In our ploidy analysis we used propidium iodide (PI) which is one of the most widely used fluorescence reagents in flow cytometry binding to DNA by intercalating between DNA bases and showing no AT or GC preference. Its fluorescence with green-light excitation is enhanced some 20-fold when bound to DNA compared to in solution. The emission maximum depends on the solvent, and in the aqueous solution used for nuclear isolation, the maximum is 636 nm (red) [61]. PI shows intermolecular proton transfer reaction in solvent; it interacts with SDS (sodium dodecyl sulphate), thus we avoided this widely used detergent and did not use it as a component of a nuclei isolation buffer for flow cytometry. Propidium iodide also binds to RNA, showing enhanced fluorescence (with a slightly different fluorescent color), so for nuclear staining, RNase needs to be added to the buffer. In practice, the concentration of PI and RNase in the buffer is important, and peaks broaden (higher CV) when they are too high or too low. In our analysis we used exactly the same concentration of PI and RNase, which allowed to obtain reliable results.

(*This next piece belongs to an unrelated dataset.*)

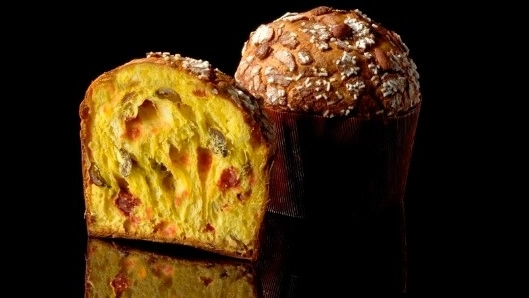 Il panettone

4.4. Urochloa Germplasm Findings

Here, we verified ploidy of 348 accessions of different Urochloa species, which represent a significant proportion of CIAT germplasm resources. However, determining the ploidy levels of grass group showing both apomictic and sexual mode of reproduction, like Urochloa, can become a challenge and requires the use of appropriate standards of known ploidy and number of chromosomes [62]. For Urochloa grass complex, different internal standards were needed due to the different genome sizes within and between agamic complexes and species, and different basic chromosome numbers (Supplementary Data Table S1). The average DNA content and genome sizes given as Cx values have been published already for Urochloa species [27,63]. Most diploid accessions of U. brizantha studied here are apomict [9], showing larger fluorescence values of the peak positions than sexual diploid accessions of U. decumbens and U. ruziziensis, proving that the genome size depends on the mode of reproduction [63], which is an additional challenge for screening diverse germplasm collections. While in diploid and polyploid accessions of U. decumbens a small shift in peak position on histogram usually does not compromise reliability of ploidy estimates, attention should be paid to the analysis of U. brizantha showing odd ploidy levels, because relative differences in fluorescence values of the peak positions between neighboring cytotypes (2x, 4x, 5x, 6x) is decreased; such a phenomenon is also observed in species with ploidy levels greater than 6x [44]. A more precise examination of U. humidicola is also required due to confirmed aneuploidy [28,29], odd ploidy levels [34], and unrecognized diploid ancestors [64].

5. Conclusions

Urochloa tropical forage grasses have a great potential for sustainable agriculture and intensive grazing management of cover crops. Some of them are included in the current breeding programs at CIAT and EMBRAPA, now mainly focused on crossing tetraploids within ‘brizantha’ and ‘humidicola’ agamic complexes and Urochloa maxima [65], but other species studied here can also be included and used as fodder plants. This tropical forage grass group is genomically complex [9], having species recognized as being very variable in number of chromosomes, and ploidy levels which is the result of apomictic reproduction, and reflecting the genetic diversity present in a given population [66]. The ploidy levels of some Urochloa accessions have been previously measured [25,65,67,68,69], but some data vary between papers and reports [9]: thus, values may require checking for a particular accession name.